Work instructions – Write the records below out in full, character for character, with no pictures.

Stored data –
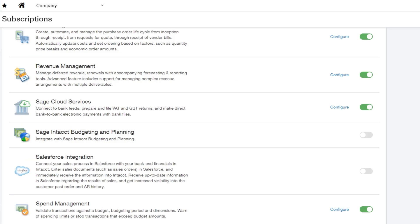First, an admin needs to enable Sage Cloud Services in your company's subscription. If it's already enabled, it can remain as is.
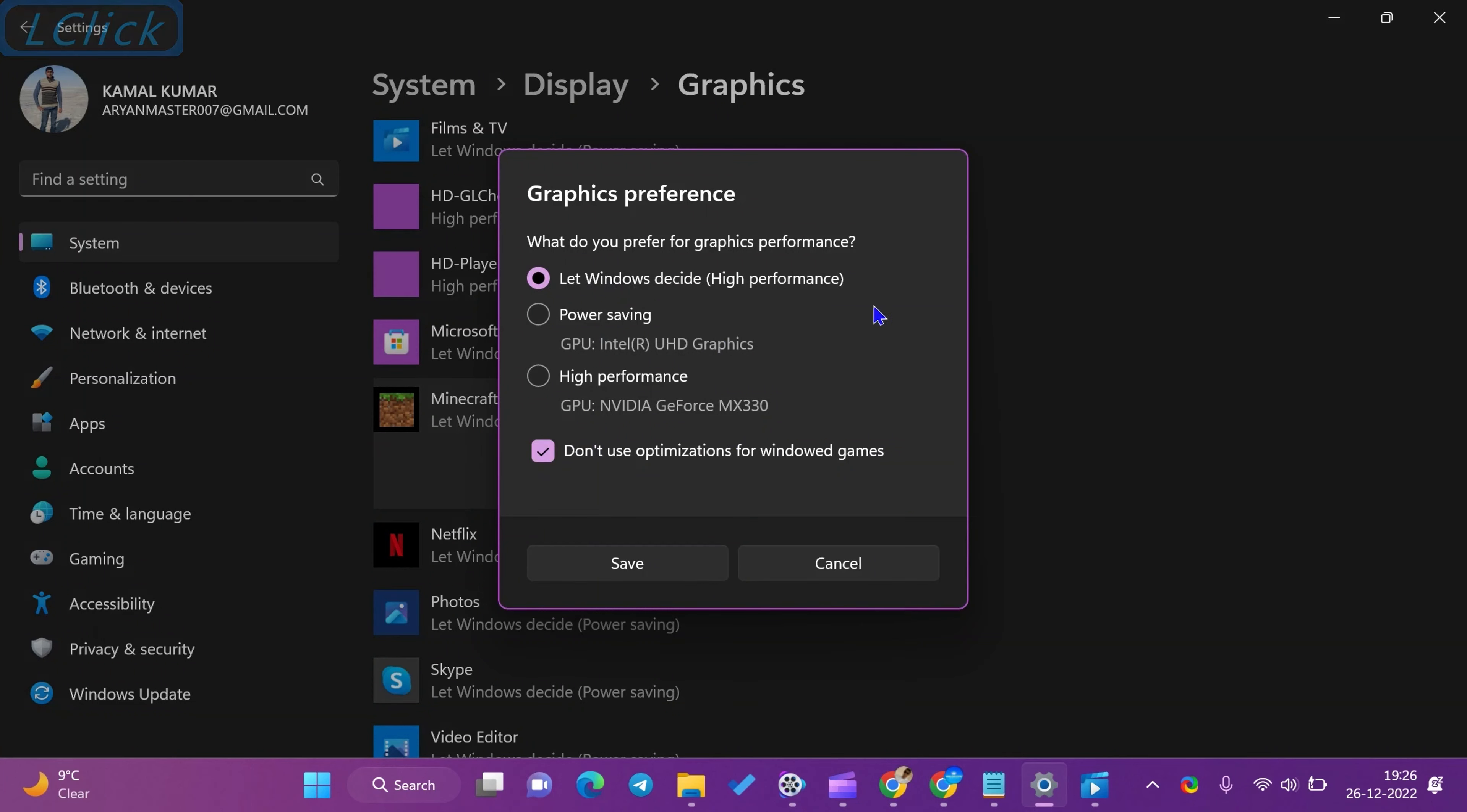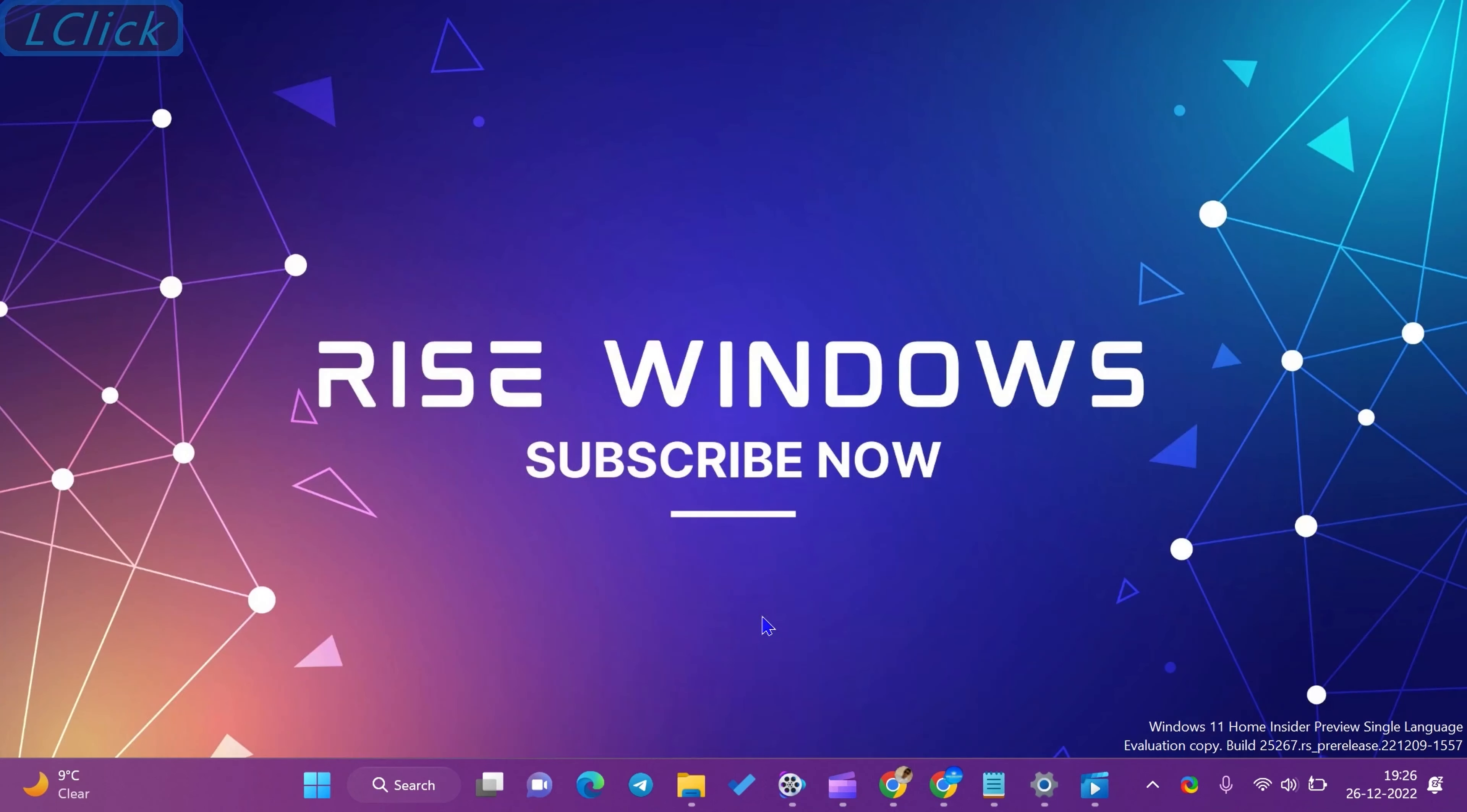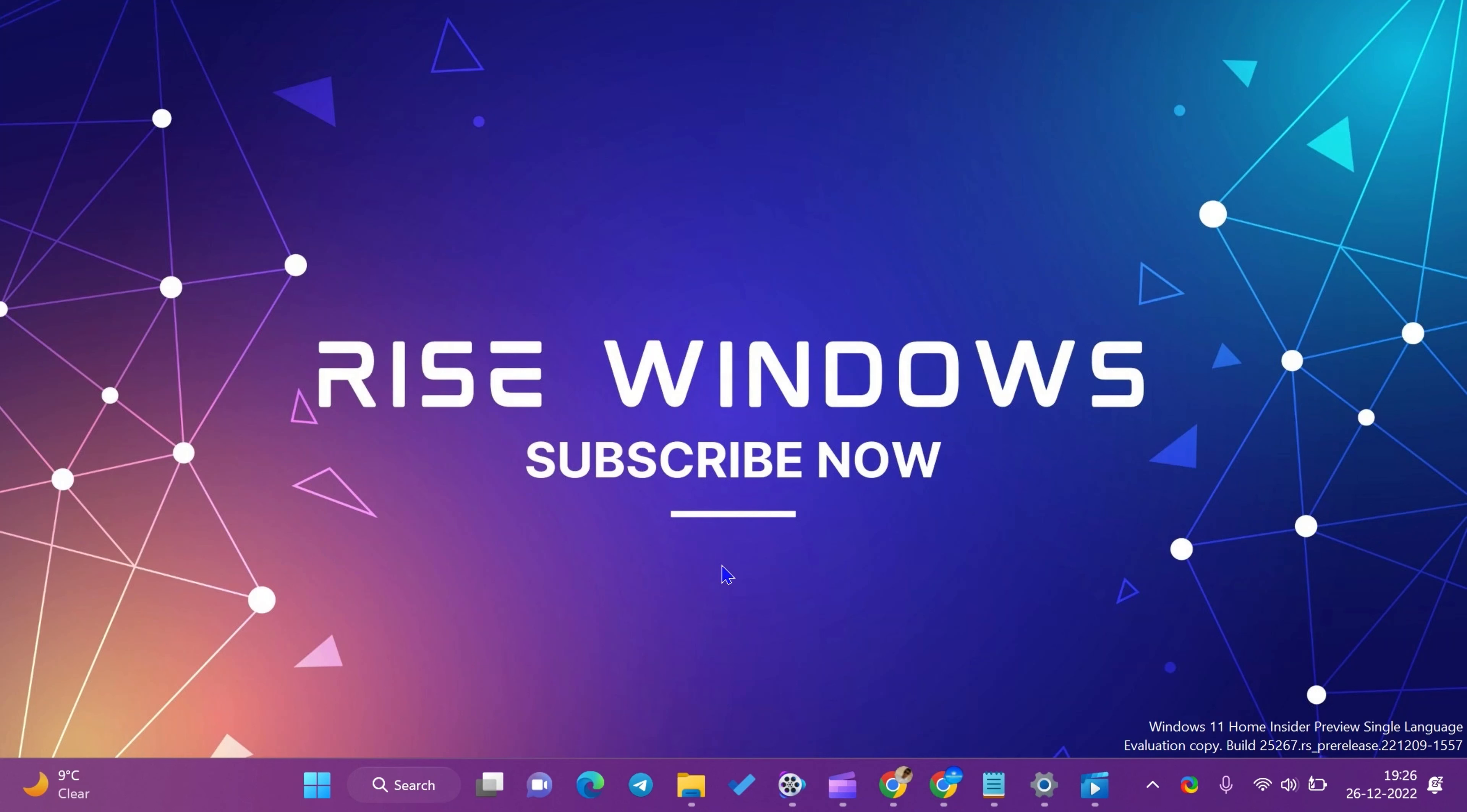That's it for this video. If you are new to this channel like, share, and subscribe. Press the bell icon to get the latest videos. Comment below if you want to add some more value to this video. Keep watching, learning, and growing. See you in the next video.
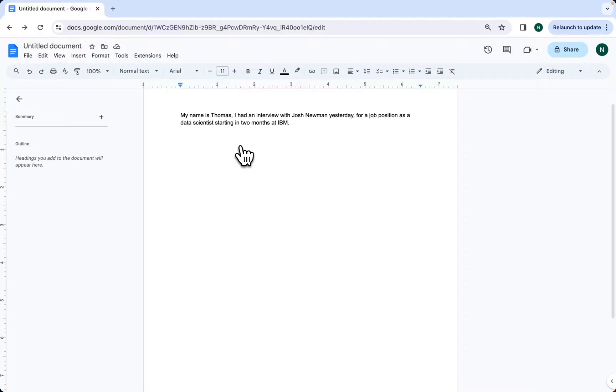Nathan from GPT Workspace. In this video, we're going to use AI to write an interview follow-up email, highlighting how you can generate content in Google Docs.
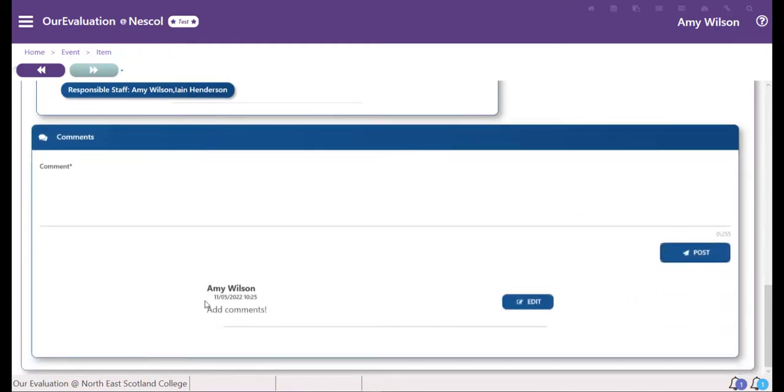Once your comment is posted, it will show up. You can then choose to edit that comment or even post other comments.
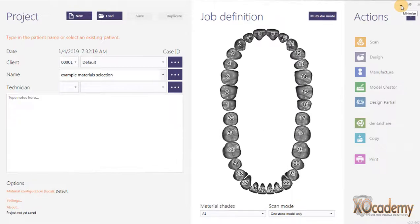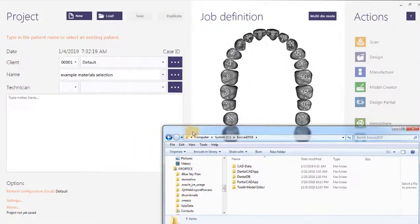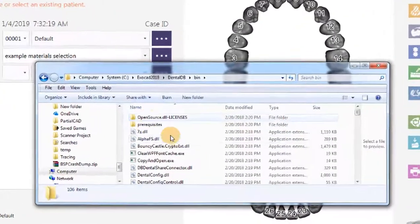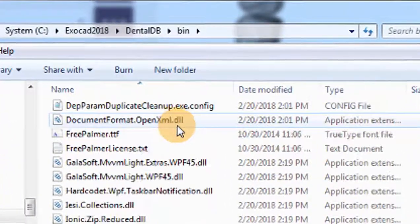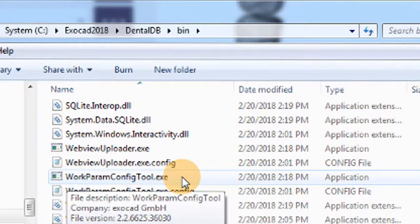If you want to change your default material configuration file, I'll show you how to do that. I'm not going to go into all the specifics of creating different materials, but I'll show you the area where you can do it. I'm going to go into my ExoCad folder here and drag this over. You can see I'm in my C drive, ExoCad, and I'm going to go into DentalDB, then Bin, and we've got the work_param_config_tool.exe.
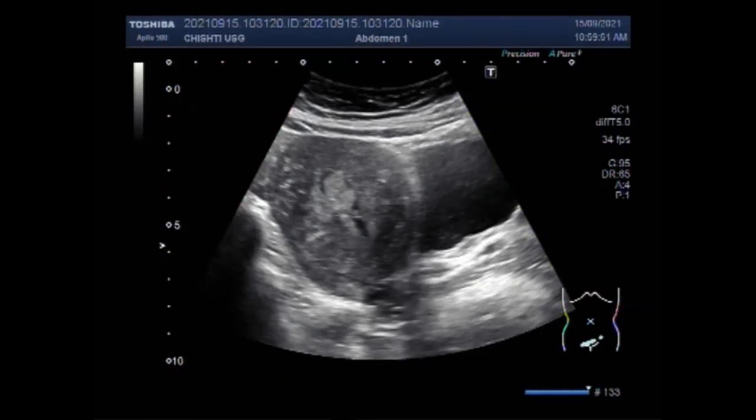Dear viewers, I hope you are all fine. This ultrasound video shows a case of pedunculated submucosal fibroid.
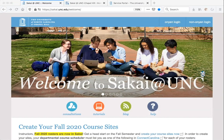In this video, we will review and give tips on navigating Sakai as a student. Sakai is UNC's centrally supported learning management system, so think of this as the central location for all of your course content online.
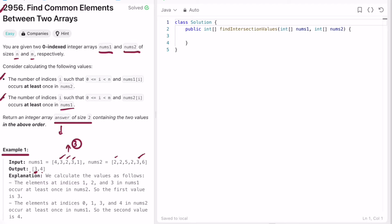Now let's verify 4 as the second output from nums2. In nums2, 2 is repeating three times, 5 is not present in nums1, and 3 is repeating once. 6 is also not present. So we get 4 elements from nums2 that appear in nums1, giving us 4 as the second part of the answer array.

Reply to the task –
First, an admin needs to enable Sage Cloud Services in your company's subscription. If it's already enabled, it can remain as is.
That's it for this video. If you are new to this channel like, share, and subscribe. Press the bell icon to get the latest videos. Comment below if you want to add some more value to this video. Keep watching, learning, and growing. See you in the next video.
Nathan from GPT Workspace. In this video, we're going to use AI to write an interview follow-up email, highlighting how you can generate content in Google Docs.
Once your comment is posted, it will show up. You can then choose to edit that comment or even post other comments.
If you want to change your default material configuration file, I'll show you how to do that. I'm not going to go into all the specifics of creating different materials, but I'll show you the area where you can do it. I'm going to go into my ExoCad folder here and drag this over. You can see I'm in my C drive, ExoCad, and I'm going to go into DentalDB, then Bin, and we've got the work_param_config_tool.exe.
Dear viewers, I hope you are all fine. This ultrasound video shows a case of pedunculated submucosal fibroid.
In this video, we will review and give tips on navigating Sakai as a student. Sakai is UNC's centrally supported learning management system, so think of this as the central location for all of your course content online.
Now let's verify 4 as the second output from nums2. In nums2, 2 is repeating three times, 5 is not present in nums1, and 3 is repeating once. 6 is also not present. So we get 4 elements from nums2 that appear in nums1, giving us 4 as the second part of the answer array.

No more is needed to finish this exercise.